> What is being asked
Give again the line that contains "Бразилец проработавший в" and every line after it to the end of the records. Keep them exactly as they are and add nothing.

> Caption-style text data
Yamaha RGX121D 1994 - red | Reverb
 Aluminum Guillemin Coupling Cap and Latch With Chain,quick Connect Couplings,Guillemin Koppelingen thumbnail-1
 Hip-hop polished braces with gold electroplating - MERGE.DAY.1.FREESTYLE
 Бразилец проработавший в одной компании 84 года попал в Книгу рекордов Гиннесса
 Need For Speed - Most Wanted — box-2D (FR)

> Answer section
 Бразилец проработавший в одной компании 84 года попал в Книгу рекордов Гиннесса
 Need For Speed - Most Wanted — box-2D (FR)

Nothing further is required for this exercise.